> _Task item_:
Could you repeat all of the entries word for word, minus any pictures?

(Records excerpted from a collection)
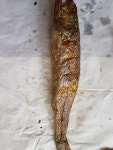 고흥 숯불 생선구이 1호 (3종 고등어2 조기3 서대3) 맛있는 반찬 택배 선물세트 : 보성농수산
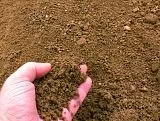 Пескогрунт (песок земля)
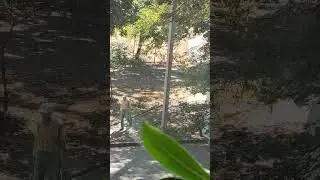 Сухое лето выдалось в этом году у нас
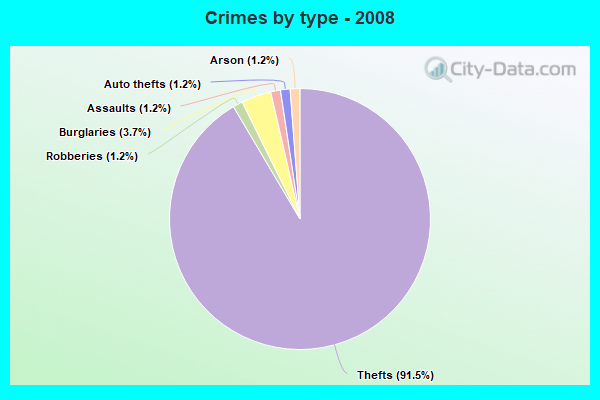 Crimes by type - 2008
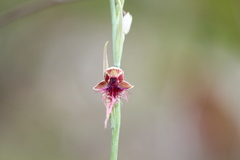 Calochilus gracillimus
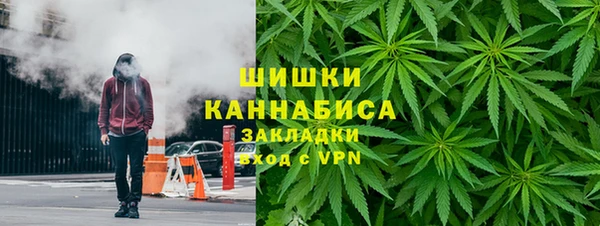 шишки Абинск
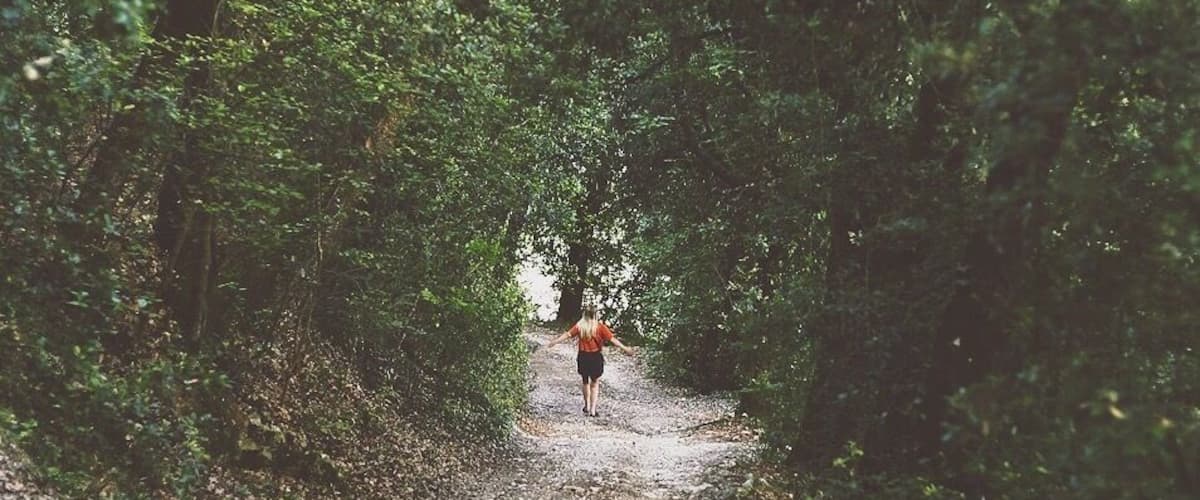 A forested path with dense greenery and a person walking away from the viewer.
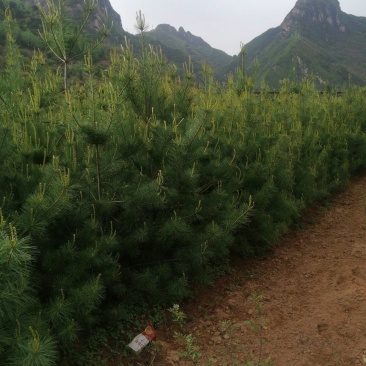 甘肃天水华山松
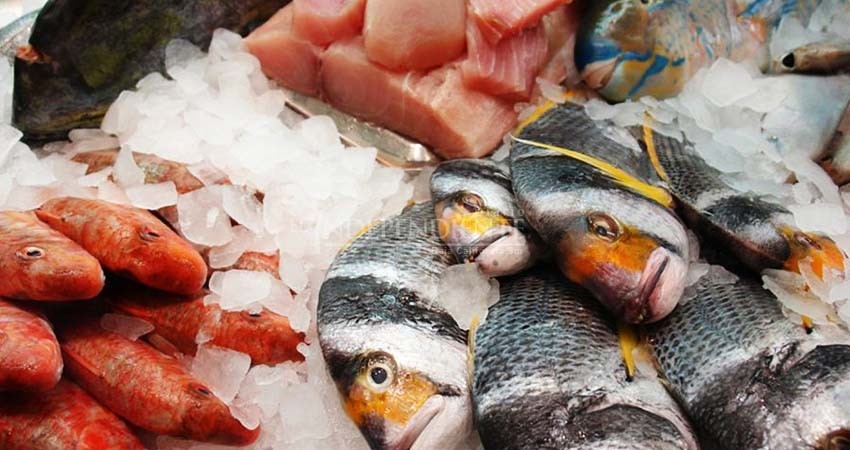 COVID-19: Piden regidores “abrir” pesca a partir del 1 de junio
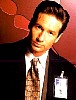 mulder_73.jpg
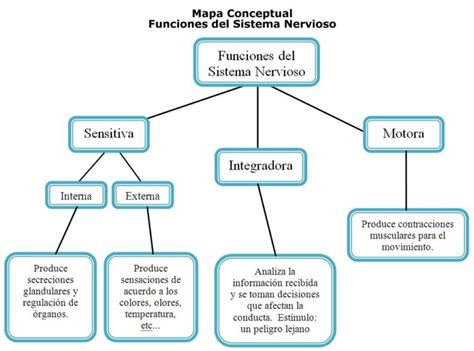 Mapa Conceptual Del Sistema Nervioso Y Sus Partes Sugarcult Images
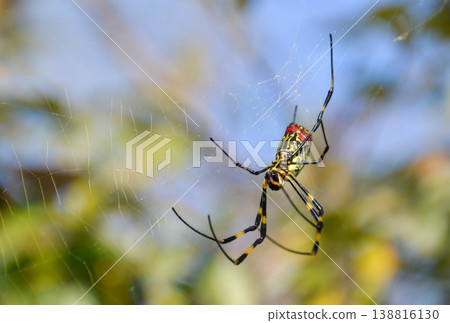 A spider spinning a web 138816130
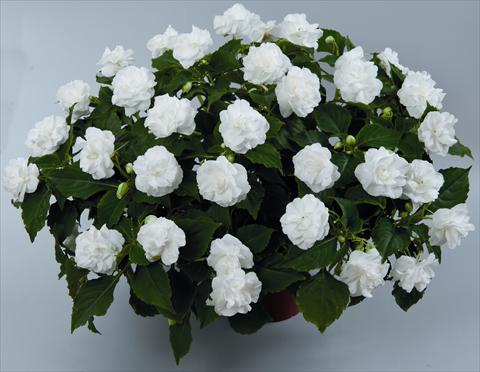 Photo de variété de fleurs à utiliser comme: Plante à massif, pot ou Suspension Impatiens walleriana Musica Pure White ID 9-2528(2010)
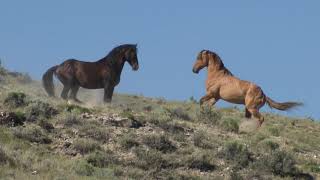 Wild Mustangs in America Wild Horses Stallions Fighting and Mares by Karen King [upl. by Dickinson443]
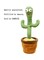 Dancing Cactus Plush Stuffed Toy with Music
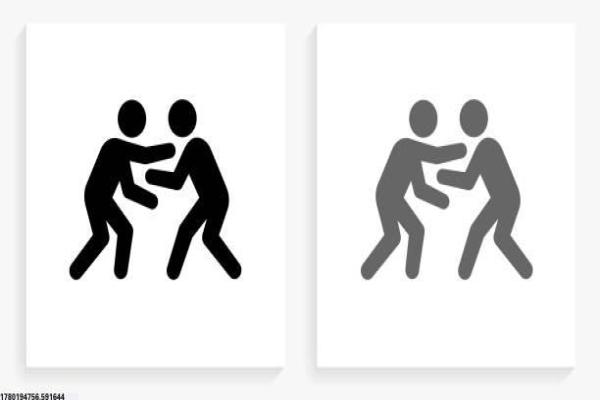 体育专家交流培训会总结与回顾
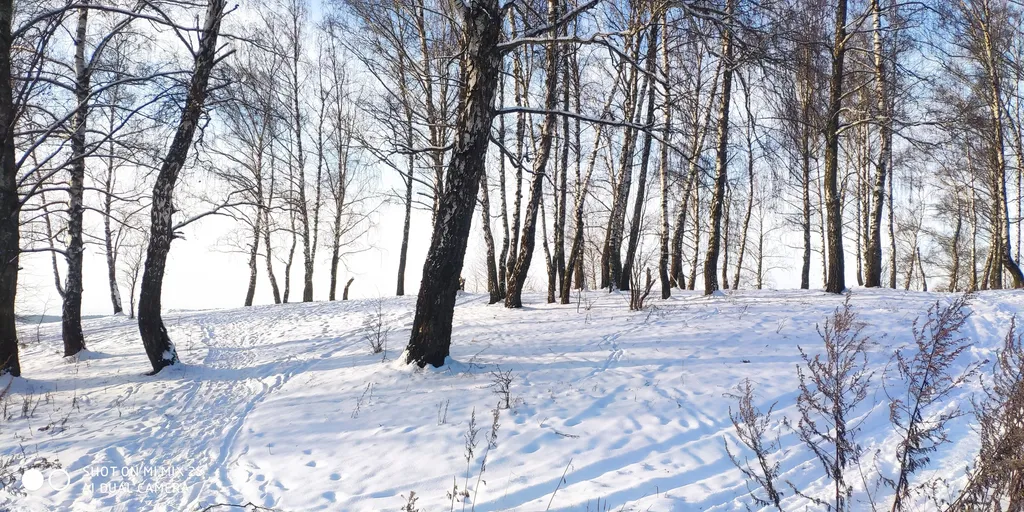 Коттедж Домик на море — Можайск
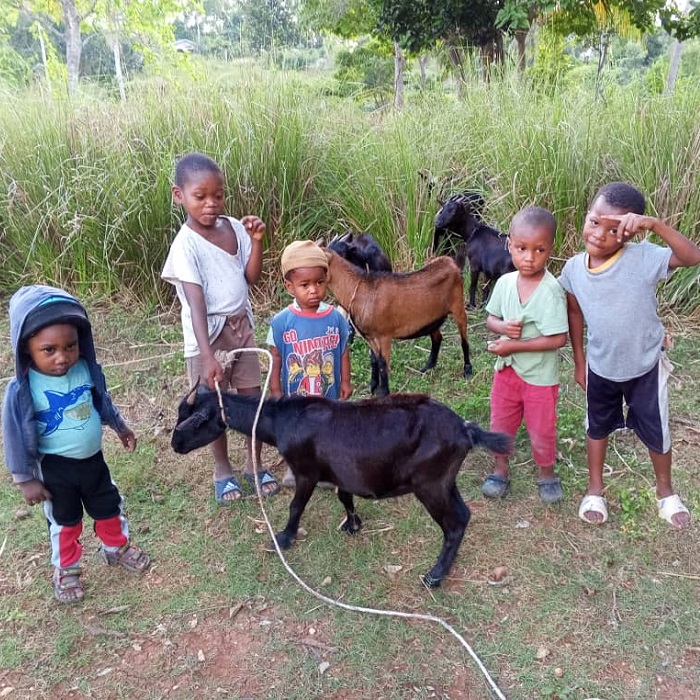 Cría de cabras para la educación
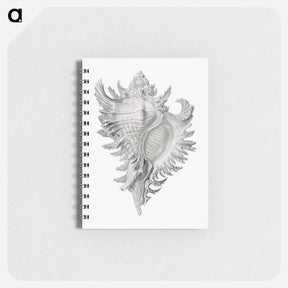 アートメモ帳-Vintage shell marine life illustration - エルンスト ヘッケル Memo.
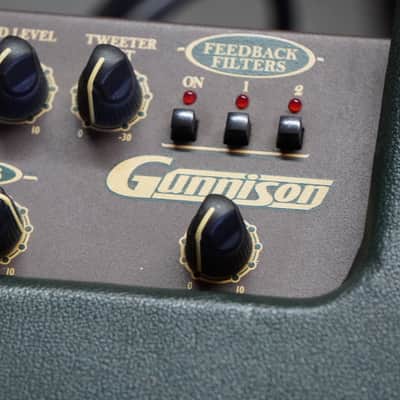 Crate Gunnison Acoustic Amp – Mid-2000s, Warm Tone, 2-Channel – Free Shipping Canada image 5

> _Exercise answer_:
 고흥 숯불 생선구이 1호 (3종 고등어2 조기3 서대3) 맛있는 반찬 택배 선물세트 : 보성농수산
 Пескогрунт (песок земля)
 Сухое лето выдалось в этом году у нас
 Crimes by type - 2008
 Calochilus gracillimus
 шишки Абинск
 A forested path with dense greenery and a person walking away from the viewer.
 甘肃天水华山松
 COVID-19: Piden regidores “abrir” pesca a partir del 1 de junio
 mulder_73.jpg
 Mapa Conceptual Del Sistema Nervioso Y Sus Partes Sugarcult Images
 A spider spinning a web 138816130
 Photo de variété de fleurs à utiliser comme: Plante à massif, pot ou Suspension Impatiens walleriana Musica Pure White ID 9-2528(2010)
 Wild Mustangs in America Wild Horses Stallions Fighting and Mares by Karen King [upl. by Dickinson443]
 Dancing Cactus Plush Stuffed Toy with Music
 体育专家交流培训会总结与回顾
 Коттедж Домик на море — Можайск
 Cría de cabras para la educación
 アートメモ帳-Vintage shell marine life illustration - エルンスト ヘッケル Memo.
 Crate Gunnison Acoustic Amp – Mid-2000s, Warm Tone, 2-Channel – Free Shipping Canada image 5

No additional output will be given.